┌────────

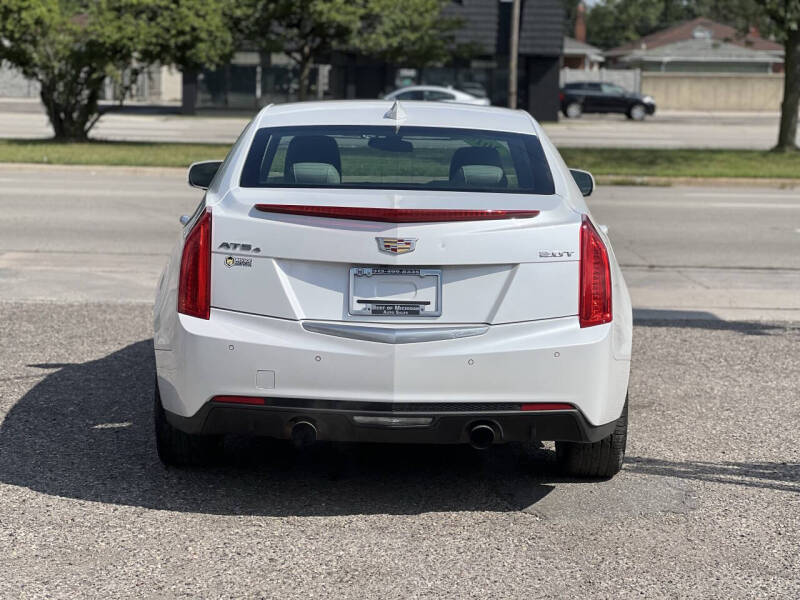 2016 Cadillac ATS 2.0T Luxury Collection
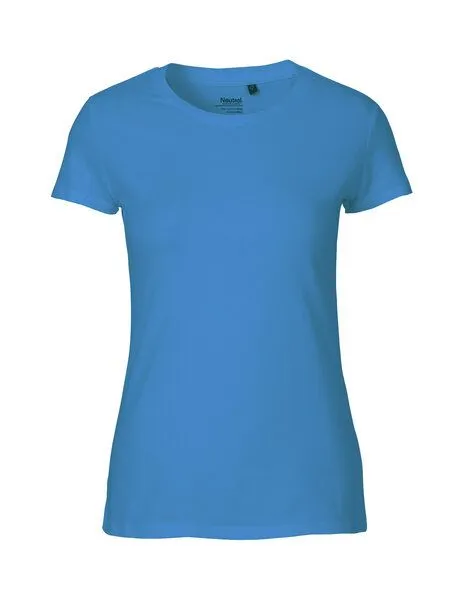 Neutral® - 3FREUNDE Neutral® - 3FREUNDE Frauen Fit T-Shirt, Sapphire, – Produktbild 1 von 3
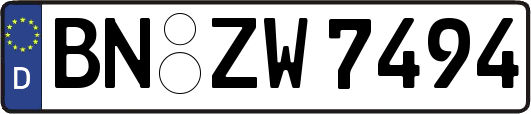 BN-ZW7494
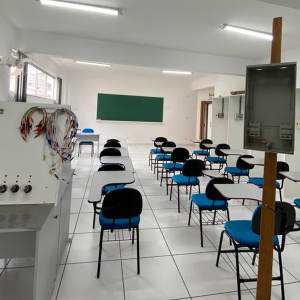 Nova turma para o curso de elétrica residencial e predial da Escola Profissional Canal C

└────────

TASK DIRECTIONS: Retype each line of the listing above word for word. Exclude the pictures.

TASK OUTPUT:
 2016 Cadillac ATS 2.0T Luxury Collection
 Neutral® - 3FREUNDE Neutral® - 3FREUNDE Frauen Fit T-Shirt, Sapphire, – Produktbild 1 von 3
 BN-ZW7494
 Nova turma para o curso de elétrica residencial e predial da Escola Profissional Canal C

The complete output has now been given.